Exercise aim:
Show each line of the data below in which "FACTORY" occurs.

Available records:
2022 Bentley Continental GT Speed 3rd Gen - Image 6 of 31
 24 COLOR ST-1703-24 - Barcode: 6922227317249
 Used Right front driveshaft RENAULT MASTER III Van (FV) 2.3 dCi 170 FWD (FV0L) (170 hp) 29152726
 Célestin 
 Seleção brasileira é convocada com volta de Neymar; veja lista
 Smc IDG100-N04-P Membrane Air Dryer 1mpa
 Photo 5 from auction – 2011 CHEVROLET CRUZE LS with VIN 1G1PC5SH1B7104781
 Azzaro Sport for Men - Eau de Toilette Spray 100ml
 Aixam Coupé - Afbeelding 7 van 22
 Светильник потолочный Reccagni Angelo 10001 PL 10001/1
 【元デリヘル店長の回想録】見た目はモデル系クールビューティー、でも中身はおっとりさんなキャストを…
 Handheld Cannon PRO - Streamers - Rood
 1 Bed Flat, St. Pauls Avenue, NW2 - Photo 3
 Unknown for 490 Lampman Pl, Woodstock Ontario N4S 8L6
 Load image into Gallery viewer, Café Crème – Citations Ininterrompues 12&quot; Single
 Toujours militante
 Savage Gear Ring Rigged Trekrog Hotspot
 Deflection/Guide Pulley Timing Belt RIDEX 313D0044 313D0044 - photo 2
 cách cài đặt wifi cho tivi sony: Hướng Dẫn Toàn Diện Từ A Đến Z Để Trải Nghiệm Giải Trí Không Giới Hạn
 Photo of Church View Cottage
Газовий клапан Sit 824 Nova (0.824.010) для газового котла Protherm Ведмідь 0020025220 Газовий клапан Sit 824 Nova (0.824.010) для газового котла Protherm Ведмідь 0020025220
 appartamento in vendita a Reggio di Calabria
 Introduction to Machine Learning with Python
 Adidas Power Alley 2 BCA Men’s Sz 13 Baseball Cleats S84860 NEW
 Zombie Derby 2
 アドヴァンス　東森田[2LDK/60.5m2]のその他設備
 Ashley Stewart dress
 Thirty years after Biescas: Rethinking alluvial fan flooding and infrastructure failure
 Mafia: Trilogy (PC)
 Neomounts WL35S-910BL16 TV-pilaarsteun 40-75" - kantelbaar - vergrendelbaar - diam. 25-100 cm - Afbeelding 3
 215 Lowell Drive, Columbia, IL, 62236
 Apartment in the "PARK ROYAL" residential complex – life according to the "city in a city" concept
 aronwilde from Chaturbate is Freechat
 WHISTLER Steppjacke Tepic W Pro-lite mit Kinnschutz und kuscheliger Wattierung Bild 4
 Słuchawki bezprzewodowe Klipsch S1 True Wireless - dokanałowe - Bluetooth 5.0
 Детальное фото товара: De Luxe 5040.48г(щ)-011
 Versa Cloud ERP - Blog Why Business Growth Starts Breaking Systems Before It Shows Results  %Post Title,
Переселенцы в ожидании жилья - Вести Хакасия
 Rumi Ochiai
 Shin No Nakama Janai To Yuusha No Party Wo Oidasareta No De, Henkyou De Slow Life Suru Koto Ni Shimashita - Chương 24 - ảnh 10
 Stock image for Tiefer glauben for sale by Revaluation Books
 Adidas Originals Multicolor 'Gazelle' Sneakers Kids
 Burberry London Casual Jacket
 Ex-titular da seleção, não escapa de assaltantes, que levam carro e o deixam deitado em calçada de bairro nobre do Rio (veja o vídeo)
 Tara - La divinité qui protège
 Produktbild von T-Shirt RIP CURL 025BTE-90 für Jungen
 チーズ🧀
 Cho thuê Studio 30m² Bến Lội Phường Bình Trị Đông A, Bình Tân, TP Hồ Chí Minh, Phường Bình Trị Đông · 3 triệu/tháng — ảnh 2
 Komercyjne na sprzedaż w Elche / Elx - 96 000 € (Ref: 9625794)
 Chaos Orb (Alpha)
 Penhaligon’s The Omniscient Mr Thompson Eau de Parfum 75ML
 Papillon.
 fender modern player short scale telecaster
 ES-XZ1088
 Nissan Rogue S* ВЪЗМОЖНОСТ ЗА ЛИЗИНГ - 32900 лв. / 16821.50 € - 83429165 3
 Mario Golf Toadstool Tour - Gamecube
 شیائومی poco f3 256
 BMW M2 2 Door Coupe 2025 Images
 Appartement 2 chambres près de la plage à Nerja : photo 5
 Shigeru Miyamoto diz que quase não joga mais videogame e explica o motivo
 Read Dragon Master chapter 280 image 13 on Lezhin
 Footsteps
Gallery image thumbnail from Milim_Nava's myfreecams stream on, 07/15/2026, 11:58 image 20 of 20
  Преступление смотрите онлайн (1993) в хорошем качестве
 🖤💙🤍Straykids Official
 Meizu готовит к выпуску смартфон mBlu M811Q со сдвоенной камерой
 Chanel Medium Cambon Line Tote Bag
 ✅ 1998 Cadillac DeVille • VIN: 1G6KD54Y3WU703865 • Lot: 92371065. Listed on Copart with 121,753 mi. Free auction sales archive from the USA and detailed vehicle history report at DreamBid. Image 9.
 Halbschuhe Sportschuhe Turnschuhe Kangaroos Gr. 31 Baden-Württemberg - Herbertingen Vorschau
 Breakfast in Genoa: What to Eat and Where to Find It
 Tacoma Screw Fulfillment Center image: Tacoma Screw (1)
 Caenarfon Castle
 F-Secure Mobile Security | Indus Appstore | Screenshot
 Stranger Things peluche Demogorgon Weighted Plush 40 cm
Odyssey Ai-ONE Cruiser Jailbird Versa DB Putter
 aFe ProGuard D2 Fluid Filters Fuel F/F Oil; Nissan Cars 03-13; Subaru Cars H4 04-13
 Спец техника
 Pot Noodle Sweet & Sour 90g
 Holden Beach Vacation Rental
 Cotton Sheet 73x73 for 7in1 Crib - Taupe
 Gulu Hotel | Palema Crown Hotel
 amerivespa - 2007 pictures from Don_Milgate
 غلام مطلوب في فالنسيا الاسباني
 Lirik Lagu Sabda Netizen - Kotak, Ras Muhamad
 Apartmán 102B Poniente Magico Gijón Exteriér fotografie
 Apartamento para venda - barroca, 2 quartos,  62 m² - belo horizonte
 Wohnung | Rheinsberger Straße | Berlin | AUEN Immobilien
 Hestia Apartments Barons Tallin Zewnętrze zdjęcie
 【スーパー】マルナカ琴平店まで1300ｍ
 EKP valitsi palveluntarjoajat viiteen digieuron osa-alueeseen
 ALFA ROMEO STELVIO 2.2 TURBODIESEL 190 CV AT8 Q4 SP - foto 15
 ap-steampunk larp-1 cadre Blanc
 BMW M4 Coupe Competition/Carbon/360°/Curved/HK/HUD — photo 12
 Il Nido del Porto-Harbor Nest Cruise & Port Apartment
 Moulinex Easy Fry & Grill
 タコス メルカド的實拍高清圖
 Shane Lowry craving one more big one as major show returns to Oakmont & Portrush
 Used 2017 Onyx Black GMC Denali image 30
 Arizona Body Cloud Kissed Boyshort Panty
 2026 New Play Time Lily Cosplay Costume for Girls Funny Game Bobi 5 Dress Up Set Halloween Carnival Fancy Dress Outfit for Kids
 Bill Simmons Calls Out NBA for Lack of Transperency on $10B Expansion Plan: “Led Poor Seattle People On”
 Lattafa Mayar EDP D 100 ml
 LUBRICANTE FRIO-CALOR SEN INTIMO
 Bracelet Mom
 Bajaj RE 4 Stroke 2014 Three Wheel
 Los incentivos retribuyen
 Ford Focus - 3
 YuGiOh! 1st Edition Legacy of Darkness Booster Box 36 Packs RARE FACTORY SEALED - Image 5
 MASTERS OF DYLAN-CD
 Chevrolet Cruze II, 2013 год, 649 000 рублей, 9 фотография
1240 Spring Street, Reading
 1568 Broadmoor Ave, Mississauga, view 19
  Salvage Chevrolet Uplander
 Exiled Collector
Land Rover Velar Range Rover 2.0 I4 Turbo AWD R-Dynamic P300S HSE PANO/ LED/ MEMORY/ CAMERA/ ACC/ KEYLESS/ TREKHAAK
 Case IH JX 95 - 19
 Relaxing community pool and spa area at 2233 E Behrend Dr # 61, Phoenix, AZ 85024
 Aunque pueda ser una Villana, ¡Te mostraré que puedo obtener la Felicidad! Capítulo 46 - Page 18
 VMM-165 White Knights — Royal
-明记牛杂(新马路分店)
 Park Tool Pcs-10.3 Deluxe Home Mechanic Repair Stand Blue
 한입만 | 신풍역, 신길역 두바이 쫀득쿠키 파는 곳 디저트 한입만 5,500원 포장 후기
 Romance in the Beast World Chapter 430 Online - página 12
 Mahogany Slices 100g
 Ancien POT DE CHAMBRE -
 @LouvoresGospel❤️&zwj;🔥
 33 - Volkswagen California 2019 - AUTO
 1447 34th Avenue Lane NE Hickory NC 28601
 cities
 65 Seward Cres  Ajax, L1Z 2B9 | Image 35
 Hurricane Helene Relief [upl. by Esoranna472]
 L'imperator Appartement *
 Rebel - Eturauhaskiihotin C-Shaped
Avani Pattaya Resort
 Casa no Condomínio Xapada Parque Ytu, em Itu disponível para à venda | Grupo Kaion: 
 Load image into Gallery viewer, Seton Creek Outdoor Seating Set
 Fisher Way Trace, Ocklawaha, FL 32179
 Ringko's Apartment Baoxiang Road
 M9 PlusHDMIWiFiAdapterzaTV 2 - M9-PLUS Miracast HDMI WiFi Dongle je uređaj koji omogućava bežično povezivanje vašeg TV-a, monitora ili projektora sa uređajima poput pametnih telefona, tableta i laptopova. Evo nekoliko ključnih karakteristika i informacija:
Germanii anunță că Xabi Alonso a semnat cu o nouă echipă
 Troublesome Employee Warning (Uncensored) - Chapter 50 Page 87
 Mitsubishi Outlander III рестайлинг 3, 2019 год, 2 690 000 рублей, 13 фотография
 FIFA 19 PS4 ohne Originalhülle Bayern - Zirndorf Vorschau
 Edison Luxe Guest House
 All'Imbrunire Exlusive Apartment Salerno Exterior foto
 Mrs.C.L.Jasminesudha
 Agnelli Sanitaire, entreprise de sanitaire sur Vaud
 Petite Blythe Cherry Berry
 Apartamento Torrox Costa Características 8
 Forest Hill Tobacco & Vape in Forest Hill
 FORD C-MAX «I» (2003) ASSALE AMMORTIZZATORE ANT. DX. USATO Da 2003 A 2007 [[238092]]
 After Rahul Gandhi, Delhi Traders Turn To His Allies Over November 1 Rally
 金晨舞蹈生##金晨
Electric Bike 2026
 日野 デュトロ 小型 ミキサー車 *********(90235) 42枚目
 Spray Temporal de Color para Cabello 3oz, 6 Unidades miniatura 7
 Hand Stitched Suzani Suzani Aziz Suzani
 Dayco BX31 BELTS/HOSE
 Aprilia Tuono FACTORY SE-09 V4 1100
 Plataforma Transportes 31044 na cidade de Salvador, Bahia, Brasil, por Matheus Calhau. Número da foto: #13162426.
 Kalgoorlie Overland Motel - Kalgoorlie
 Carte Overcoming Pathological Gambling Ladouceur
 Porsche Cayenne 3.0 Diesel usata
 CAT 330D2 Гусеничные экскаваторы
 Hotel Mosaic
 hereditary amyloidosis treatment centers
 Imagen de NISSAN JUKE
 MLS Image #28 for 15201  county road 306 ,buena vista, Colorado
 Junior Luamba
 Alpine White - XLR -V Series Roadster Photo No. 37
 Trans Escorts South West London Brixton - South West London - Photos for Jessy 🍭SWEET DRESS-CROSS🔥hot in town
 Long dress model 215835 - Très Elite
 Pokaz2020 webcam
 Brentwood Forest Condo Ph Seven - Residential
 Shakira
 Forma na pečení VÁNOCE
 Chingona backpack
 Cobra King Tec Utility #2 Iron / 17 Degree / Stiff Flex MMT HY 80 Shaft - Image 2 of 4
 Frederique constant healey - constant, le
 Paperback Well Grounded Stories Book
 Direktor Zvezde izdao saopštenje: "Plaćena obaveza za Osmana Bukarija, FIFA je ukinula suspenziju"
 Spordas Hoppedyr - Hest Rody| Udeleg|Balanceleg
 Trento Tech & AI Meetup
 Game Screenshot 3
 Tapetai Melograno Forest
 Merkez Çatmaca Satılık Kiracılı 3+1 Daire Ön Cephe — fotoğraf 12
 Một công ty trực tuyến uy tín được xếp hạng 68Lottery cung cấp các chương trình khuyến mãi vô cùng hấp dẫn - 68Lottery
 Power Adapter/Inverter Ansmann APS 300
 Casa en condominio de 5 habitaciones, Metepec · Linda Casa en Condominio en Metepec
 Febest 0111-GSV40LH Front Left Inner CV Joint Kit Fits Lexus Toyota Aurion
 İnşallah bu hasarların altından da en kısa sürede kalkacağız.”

Result for this task:
 YuGiOh! 1st Edition Legacy of Darkness Booster Box 36 Packs RARE FACTORY SEALED - Image 5
 Aprilia Tuono FACTORY SE-09 V4 1100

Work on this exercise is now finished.